It took 2 inspections and being nice to people who do not deserve to nice to before the final application was ready. Then came tax time. What ever you do don't brag about how much you have spent onthe car. I told them it wasn't really worth much not painted and with no upholstery and in completed. the bottom line was that I had to pay tax on the original "kit" cost which is substantial. However it is the same thing you pay when you but a new car but you really don't see it as it is included in the financing. then It was about $60 for the plates. The title came several months later with a demand for bonding.

This is a simple process. You simply go to a bonding co and pay for the bond value required. This will be about the value of the car at the time. Expect around $3-$400. This bond last for 3 years. Essentially it means that if someone comes up and says that's my motor and I can proove it there will be an investigaqtion and if it is so you will either have to give the motor over or the bond will cover it which ever the judge requires. After 3 years however you can tell the person to buzz off as the statuate of limitations has run out and the car is entirely yours free and clear. The bond goes with the title if you sell the car before the bond runs out. It does not affect the value or saleability of the car.

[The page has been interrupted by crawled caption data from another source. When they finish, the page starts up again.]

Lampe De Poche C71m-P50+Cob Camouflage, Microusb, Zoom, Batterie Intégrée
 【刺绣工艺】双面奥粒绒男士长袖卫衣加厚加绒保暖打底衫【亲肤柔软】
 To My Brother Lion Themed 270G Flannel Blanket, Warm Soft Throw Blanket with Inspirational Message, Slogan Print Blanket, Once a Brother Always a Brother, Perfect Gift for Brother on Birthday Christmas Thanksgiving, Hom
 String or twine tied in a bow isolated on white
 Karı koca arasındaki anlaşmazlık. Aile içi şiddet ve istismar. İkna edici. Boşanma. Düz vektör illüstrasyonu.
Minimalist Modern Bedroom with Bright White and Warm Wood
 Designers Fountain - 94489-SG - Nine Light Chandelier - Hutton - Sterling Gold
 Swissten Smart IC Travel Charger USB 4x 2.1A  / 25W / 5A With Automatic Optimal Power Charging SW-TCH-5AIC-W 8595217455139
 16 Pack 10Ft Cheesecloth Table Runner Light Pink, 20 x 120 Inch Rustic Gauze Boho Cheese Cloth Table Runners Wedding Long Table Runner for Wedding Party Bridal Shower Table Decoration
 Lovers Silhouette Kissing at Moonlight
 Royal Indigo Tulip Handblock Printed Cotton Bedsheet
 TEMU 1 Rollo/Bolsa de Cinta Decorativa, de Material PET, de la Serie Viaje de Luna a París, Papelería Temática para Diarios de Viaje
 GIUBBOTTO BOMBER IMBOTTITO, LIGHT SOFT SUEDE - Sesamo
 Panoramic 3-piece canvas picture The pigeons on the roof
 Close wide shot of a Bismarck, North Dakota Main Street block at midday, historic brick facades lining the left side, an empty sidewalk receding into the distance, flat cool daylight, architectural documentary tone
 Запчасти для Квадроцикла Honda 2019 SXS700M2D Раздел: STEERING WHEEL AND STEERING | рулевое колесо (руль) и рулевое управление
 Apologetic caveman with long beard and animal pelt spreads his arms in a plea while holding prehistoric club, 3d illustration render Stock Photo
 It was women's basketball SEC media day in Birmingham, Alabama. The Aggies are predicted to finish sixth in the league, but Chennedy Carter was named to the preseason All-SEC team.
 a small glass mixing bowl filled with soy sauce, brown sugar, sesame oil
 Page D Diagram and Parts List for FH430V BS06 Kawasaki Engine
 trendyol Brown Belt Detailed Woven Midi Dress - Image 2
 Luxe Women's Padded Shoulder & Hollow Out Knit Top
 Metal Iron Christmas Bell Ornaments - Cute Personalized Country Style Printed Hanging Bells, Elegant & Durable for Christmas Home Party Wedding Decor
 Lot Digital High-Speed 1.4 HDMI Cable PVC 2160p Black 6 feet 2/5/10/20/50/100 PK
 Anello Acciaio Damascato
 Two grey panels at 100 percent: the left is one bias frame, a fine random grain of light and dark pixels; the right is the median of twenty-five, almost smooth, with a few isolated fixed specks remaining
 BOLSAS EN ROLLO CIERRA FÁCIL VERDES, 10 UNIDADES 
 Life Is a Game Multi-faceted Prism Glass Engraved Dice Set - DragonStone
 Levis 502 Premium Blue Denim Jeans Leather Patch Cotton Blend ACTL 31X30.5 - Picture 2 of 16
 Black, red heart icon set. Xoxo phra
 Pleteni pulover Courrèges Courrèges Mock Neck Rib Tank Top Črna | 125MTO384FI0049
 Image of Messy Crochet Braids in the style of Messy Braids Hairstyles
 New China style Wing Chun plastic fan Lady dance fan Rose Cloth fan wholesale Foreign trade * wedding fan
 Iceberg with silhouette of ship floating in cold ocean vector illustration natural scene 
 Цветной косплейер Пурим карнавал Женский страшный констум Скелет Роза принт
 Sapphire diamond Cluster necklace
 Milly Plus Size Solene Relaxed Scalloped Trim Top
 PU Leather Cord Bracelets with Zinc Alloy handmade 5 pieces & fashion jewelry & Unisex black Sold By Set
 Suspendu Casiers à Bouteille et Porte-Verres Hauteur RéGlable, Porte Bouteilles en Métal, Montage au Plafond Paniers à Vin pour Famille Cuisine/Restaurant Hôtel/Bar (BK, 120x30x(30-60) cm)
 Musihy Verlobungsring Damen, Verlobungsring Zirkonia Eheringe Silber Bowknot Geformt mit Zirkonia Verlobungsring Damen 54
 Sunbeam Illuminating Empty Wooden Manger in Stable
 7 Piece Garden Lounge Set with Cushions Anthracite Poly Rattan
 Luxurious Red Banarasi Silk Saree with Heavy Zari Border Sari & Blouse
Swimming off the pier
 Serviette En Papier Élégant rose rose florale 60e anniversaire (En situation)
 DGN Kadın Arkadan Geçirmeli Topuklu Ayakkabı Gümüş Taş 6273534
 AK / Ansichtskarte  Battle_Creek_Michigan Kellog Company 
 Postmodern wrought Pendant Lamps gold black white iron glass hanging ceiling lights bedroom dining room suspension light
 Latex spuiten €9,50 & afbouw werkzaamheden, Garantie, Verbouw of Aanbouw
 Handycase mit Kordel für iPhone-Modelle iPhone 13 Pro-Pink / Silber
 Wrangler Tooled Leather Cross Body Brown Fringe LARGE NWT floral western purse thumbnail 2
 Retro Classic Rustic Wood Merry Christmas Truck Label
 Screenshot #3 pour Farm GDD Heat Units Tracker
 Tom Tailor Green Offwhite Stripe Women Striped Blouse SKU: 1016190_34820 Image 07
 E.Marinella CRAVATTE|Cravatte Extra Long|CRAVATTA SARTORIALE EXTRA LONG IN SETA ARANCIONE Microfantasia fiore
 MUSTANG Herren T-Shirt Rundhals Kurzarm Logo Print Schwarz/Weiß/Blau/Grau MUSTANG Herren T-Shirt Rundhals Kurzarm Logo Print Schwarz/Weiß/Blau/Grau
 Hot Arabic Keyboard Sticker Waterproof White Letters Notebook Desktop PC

Getting a state title rather than a streetrod title is good in that it is not restrictive when you operqte the car. Techincaly you can only operate a streetrod titled car goin gto and from events in MN. Guys have be cited for going to the grocery store and to work. Here you must run front and rear plates for a state title. Most of us take the chance that we won't get stopped and leave the front plate under the seat. Mine has a badly damaged bracket attached to it too. maybe I could get by but if not it is about $150 fine. The cops are pretty good with us here if you are not acting crazy. Loud mufflers and blowers sticking out of the hood are looked over. I've had the troopers follow me for miles while they check ot the license and title. City cops have stopped along side me many times and waved at me.

The bottom line is be sure you get very good receipts for everything...names address phone numbers and part identification numbers. If you have steel stuff make sure the frame and body numbers match. You may have to toss one or the other if not, there is not a good way around it. Don't play games with purchased titles...you could wind up having the car impounded for good.

I was told by an appraiser that my MN title added about 5 grand to the value of the car as it is saleable anywhere easily. It's worth the trouble in my mind.